Todos habían conseguido alcanzar finalmente al hombre de jengibre, que aun así se burlaba de sus perseguidores por ser más rápido y ágil que ellos. Sin embargo, al llegar al río el hombrecillo se encontró con un ser mucho más astuto que todos los demás, un zorro, y al verle dijo:

—He huido de una anciana, de un cerdo, de un pato y de un cordero, por lo que tú tampoco podrás alcanzarme. ¡Corre, corre, como hicieron los demás, pues no podrás cogerme jamás! ¡Soy el hombre de jengibre!

Entonces el zorro, con una sonrisa pícara en su rostro, propuso ayudar al hombrecillo a cruzar el río, y este, apremiado por la necesidad de cruzar el río lo más rápido posible aceptó, subiéndose enseguida al lomo del zorro, que cruzó rápidamente hacia la otra orilla.

—¡Ja, ja! ¡No pueden alcanzar a alguien como yo! ¡Son lentos como un caracol! —Seguía gritando el hombre de jengibre a la anciana, al pato, al cerdo y al cordero.
—¡Tienes razón! ¡Eres un valiente! —Exclamó el zorro, peguntando a continuación— ¿Por qué no subes a mi cabeza para que puedas burlarte mejor de aquellos a los que dejas atrás?

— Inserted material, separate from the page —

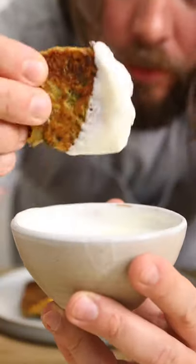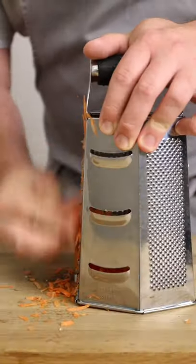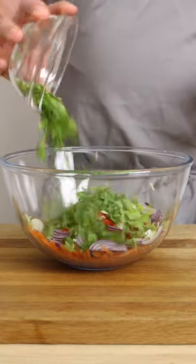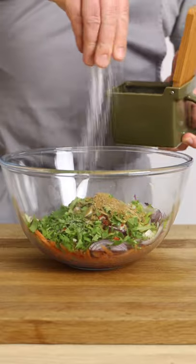These carrot fritters are incredible and you need to make them immediately. Place some chunky grated carrot into a mixing bowl along with red onion, ginger, garlic, red chilli, spring onions, coriander, curry powder and a generous amount of salt and pepper.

El hombre de jengibre, que se sentía invencible, no encontró peligro alguno en las palabras del zorro, que parecía muy amable, haciéndole caso y subiéndose a su cabeza. Y, apenas subió, con un movimiento muy rápido, el zorro lanzó al hombre de jengibre al aire y lo atrapó con sus afilados dientes, disfrutando tras un crujido de su deliciosa y dulce presa.

Finalizada la búsqueda del hombre de jengibre por parte del cerdo, del cordero, del pato y de la anciana, esta última regresó a casa para descansar, y allí horneó un rico pastel de jengibre para poder reponer fuerzas y sin volverse a arriesgar, pues tanto correr le había hecho tener aún más hambre de la que ya tenía. ¡Quien quiere galletas con brazos y piernas con tanta hambre!